In the present study, we evaluated the prevalence of specific HLA polymorphisms in a series of 60 DLBCL patients and we compared the results to those of healthy individuals in order to assess whether HLA variations are associated with DLBCL risk. We then aimed to ascertain whether HLA polymorphisms found to be significantly associated with DLBCL risk could affect the prognosis in patients diagnosed with this malignancy.

2 Materials and methods

2.1 Study design

We conducted a single-center case-control study to ascertain the impact of HLA polymorphisms on DLBCL risk and prognosis. We defined HLA class I (HLA-A, HLA-B, HLA-C) and class II (HLA-DRB1, HLA-DQB1) alleles in patients with a diagnosis of DLBCL and a control group of healthy adult donors from the bone marrow bank of Northern Greece. Control group was age-, race-, and ethnicity-matched to the patients’ group. The study was approved by the Bioethics and Ethics Committee of Aristotle University of Thessaloniki (4.674/17.07.2019).

2.2 Study population

In this study, cases were defined as individuals with biopsy-proven diagnosis of DLBCL. Patients were genetically unrelated to each other. The diagnosis of DLBCL was made during the time period from 01/2002 to 12/2021, whereas data collection and specimen analysis occurred between 01/2018 and 12/2022. The control group consisted of healthy adult donors from the bone marrow bank of Northern Greece. Bone marrow donors were between 18 and 50 years old and they did not suffer from asthma, insulin-dependent diabetes, cancer, heart disease, multiple sclerosis, muscular dystrophy, schizophrenia, depression, infectious diseases, such as human immunodeficiency virus (HIV), hepatitis B and C, autoimmune disorders, vascular diseases, arterial or venous thrombosis and von Willebrand disease. In general, donors had a healthy medical record according to national guidelines for blood marrow donors. Individuals with a history of drug abuse, as well as those who were recipients of solid organ or hematopoietic cells in the past or were at risk for Creutzfeldt-Jacob disease, were excluded from the study. Healthy donors were recruited at the same time period when data specimen analysis for DLBCL patients occurred, in order to analyze specimens from both DLBCL patients and controls using the same technique, as described below. Upon study entry, the control group was considered healthy with no update request regarding their health status except if they were found to be compatible with a patient.

2.3 Study endpoints

The primary endpoint of the study was to assess whether patients with DLBCL have distinct HLA polymorphisms compared to the control group. As a secondary outcome, statistically significant associations were then examined to assess whether they confer worse or improved overall survival (OS) and/or progression-free survival (PFS) in patients with DLBCL.

2.4 HLA typing

The typing of HLA antigens was performed by two molecular methods, Sequence - Specific Oligonucleotide HLA typing (SSO) and Sequence - Specific Primer HLA typing (SSP). For the typing of HLA antigens, peripheral blood with EDTA anticoagulant was used. White blood cells were recovered from whole blood, and further genetic analysis was performed. Typing at low resolution level was performed by SSO (LIFECODE, Immucor GTI Diagnostics, Inc., United States of America), and, when required, typing was performed by SSP (PROTRANS, GERMANY).

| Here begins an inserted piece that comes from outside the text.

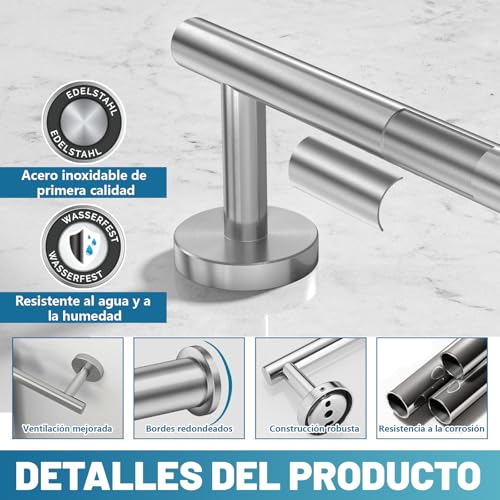 Accesorios para baño de acero inoxidable 9 Imagen adicional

SSO is a method based on the hybridization of specific oligonucleotide probes, which can be either DNA or RNA; DNA sequences are initially amplified by the polymerase chain reaction (PCR) method. First, a group of associated alleles is amplified with the appropriate primers, and then the amplified DNA is sequenced and hybridized with the panel of genetic probes that distinguishes the specific locus of the group of alleles that are under investigation. The Luminex technique uses polystyrene microbeads which are coated with different oligonucleotides. The tested DNA is amplified with PCR and subsequently hybridized. Then DNA is divided into a plate together with the beads that are coated with specific alleles. Hybridized DNA binds to the specific allele-coated microbeads, stained with phycoerythrin, a fluorochrome, and counted on the Luminex analyzer.

SSP uses pair of primers to identify conserved sequences. Both primers used in each PCR reaction match perfectly with the three edges of a single specific allele or group of alleles. During PCR, only those regions of the sample DNA that include the corresponding complementary sequences that perfectly match those of the primers are amplified. The amplified PCR product is detected by agarose gel electrophoresis. If the corresponding sequence is present in the sample, a band will be created in the gel. If the sample does not contain the corresponding sequence, there will be no amplification in the final product and there will be no bands in the agarose gel. Gel is analyzed by using the Primer and Amplification tables or Helmberg SCORE Software (Madden and Chabot-Richards, 2019; Jaramillo and Hacke, 2024).

2.5 Statistical analysis

Statistical analysis was conducted with the R programming language, version 4.2.2. The phenotypic frequencies of HLA-A, HLA-B, HLA-C, HLA-DRB1 and HLA-DQB1 between patients and controls were compared with the 2-sided Fisher’s exact test. Results with p-value <0.05 were considered statistically significant. Odds Ratios with 95% Confidence Intervals were calculated to further strengthen the results. The 2-sided Fisher’s exact test was also applied to alleles found only in one of the two groups, while the odds ratios together with the confidence intervals were corrected with Haldane-Anscombe method.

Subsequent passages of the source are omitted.